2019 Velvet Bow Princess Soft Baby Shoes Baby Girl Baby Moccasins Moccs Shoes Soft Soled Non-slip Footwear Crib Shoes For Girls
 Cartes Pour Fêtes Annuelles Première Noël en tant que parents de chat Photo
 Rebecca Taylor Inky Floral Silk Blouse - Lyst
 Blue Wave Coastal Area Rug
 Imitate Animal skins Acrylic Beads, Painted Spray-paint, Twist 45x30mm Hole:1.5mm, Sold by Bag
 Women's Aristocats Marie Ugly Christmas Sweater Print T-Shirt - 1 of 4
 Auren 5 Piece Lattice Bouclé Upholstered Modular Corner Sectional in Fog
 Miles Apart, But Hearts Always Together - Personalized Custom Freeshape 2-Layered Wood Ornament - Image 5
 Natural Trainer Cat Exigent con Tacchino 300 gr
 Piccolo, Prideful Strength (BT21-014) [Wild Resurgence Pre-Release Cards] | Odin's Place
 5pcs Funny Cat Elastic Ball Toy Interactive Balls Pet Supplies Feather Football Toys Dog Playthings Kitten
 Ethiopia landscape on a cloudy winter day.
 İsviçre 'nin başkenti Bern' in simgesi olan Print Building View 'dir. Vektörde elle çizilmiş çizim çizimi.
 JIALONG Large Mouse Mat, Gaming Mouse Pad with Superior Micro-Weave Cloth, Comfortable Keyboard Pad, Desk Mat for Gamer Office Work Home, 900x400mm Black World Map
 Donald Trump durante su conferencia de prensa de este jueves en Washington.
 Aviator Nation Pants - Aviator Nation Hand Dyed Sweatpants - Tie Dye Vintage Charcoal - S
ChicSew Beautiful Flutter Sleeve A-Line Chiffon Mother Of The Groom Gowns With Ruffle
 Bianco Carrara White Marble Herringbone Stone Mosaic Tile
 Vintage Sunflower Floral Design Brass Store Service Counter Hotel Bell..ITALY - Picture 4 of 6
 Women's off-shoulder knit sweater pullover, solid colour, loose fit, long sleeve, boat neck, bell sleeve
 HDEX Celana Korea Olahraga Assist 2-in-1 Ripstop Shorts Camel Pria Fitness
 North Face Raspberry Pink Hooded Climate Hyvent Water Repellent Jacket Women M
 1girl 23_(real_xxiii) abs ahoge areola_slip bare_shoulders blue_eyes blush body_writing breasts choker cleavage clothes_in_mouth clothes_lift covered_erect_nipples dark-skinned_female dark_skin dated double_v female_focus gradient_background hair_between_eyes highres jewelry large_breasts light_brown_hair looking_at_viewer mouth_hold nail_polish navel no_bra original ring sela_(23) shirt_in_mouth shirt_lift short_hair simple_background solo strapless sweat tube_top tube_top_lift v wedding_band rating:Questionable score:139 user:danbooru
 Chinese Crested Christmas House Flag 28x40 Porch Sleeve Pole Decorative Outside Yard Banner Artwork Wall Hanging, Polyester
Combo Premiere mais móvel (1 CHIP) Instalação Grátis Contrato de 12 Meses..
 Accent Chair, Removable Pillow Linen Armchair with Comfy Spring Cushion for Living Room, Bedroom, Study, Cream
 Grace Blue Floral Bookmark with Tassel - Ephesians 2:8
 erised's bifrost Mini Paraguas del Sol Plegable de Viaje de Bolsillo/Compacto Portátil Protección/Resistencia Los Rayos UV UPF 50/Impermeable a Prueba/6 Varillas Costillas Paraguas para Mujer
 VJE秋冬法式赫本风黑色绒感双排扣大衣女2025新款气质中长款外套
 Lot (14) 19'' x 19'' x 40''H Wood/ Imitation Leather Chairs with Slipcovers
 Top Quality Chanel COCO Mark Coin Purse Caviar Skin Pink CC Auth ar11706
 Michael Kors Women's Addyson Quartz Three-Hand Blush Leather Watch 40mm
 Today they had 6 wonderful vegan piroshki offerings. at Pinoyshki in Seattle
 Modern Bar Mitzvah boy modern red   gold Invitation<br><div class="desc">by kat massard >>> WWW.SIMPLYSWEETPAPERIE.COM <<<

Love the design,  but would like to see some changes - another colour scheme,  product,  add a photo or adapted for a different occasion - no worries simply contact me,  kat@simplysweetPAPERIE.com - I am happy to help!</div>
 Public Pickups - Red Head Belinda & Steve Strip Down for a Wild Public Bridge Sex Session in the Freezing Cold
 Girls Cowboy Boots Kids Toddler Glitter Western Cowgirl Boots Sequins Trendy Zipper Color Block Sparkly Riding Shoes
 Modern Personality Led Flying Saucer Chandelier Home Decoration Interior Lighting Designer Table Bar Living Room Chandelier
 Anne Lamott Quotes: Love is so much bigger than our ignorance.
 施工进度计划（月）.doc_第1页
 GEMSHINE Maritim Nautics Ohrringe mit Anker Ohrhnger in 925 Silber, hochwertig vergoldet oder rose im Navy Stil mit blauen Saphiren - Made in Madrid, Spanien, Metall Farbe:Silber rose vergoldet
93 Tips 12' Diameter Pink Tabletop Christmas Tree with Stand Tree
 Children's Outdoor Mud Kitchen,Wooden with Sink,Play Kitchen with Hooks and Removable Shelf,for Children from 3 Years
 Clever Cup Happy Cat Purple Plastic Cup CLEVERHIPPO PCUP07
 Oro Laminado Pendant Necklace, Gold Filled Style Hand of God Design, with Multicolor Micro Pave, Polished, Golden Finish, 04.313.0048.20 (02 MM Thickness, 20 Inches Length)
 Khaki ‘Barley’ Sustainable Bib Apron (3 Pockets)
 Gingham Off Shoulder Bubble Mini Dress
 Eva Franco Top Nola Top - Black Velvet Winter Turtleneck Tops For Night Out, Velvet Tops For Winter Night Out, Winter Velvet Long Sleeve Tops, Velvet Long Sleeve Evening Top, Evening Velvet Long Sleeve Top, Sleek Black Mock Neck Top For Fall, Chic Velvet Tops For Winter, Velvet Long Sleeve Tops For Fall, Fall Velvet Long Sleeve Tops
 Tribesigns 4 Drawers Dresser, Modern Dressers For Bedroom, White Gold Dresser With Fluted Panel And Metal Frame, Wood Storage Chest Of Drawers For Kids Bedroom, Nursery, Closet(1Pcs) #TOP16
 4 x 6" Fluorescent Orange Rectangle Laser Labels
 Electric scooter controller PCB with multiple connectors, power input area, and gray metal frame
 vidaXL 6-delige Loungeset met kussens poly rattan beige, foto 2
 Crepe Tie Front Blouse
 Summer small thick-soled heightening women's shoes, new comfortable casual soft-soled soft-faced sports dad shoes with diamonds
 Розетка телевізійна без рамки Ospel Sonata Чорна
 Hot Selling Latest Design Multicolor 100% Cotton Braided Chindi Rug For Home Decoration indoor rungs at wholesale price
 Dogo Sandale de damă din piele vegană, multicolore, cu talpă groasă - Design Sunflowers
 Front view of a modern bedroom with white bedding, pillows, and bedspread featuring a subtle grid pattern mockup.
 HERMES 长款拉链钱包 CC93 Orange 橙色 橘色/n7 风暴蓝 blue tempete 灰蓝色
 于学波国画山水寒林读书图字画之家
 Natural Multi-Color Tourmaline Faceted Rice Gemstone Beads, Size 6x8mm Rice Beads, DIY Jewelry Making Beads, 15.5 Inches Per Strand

____

## REQUIRED WORK
In the entries above, find the line with "Khaki ‘Barley’ Sustainable" and the line with "Gingham Off Shoulder Bubble Mini Dress", then restate word for word both of them and every line between, with nothing more.

## ANSWER BELOW
 Khaki ‘Barley’ Sustainable Bib Apron (3 Pockets)
 Gingham Off Shoulder Bubble Mini Dress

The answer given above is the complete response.